In discussion questions returned to the issues of Roman roads, and parallels between Townend’s findings and Welsh naming practices were noted by Austin. The revolution of the 12th century onwards, where Norman and especially Biblical names and hereditary surnames emerged, was also discussed. Indeed, some individuals changed their names during this period.

Conclusion.

In the concluding discussion, Stephen Daniels drew attention to three themes: performance, mobility and memory, which were the subject of the AHRC Landscape and Environment programme theme, and which many of the papers had considered during the day. He asked delegates to consider landscape both as an analytical framework, to be studied through topography and spatial analysis and as a cultural sensibility of people in the past. He suggested that moving from one to the other was one of the greatest challenges faced by scholars.

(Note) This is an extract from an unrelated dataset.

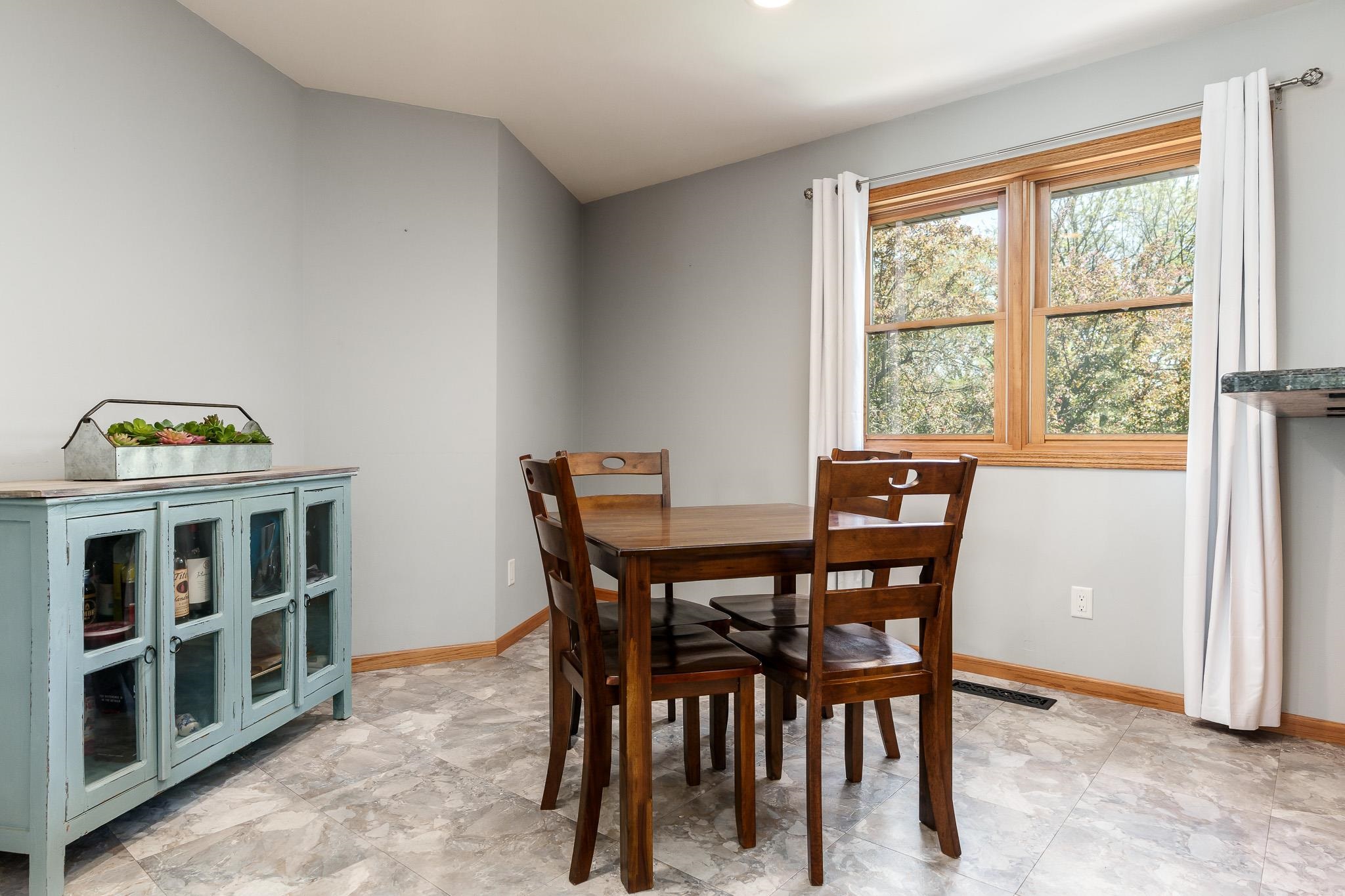 10249 Atwood Road Roscoe, IL 61073 - Photo 14 of 58 a view of a dining room with furniture and window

Saturday Field Trip: Wharram Percy and Burdale

The following day about 15 delegates attended the field trip to Wharram Percy, where Paul Stamper (English Heritage) and Al Oswald (English Heritage) provided a fascinating tour and discussion about the site, its excavation and re-interpretation, in the light of recent EH geophysical and topographical survey. Julian Richards and David Stocker added their thoughts and ideas in what was a fascinating continuation of many of the debates aired during the conference. After lunch, delegates continued to Burdale, where Julian Richards presented the results of a 2-year University of York project, highlighting the difficulty of interpreting a site regularly raided by nighthawks, and presenting some of the finds for analysis and discussion.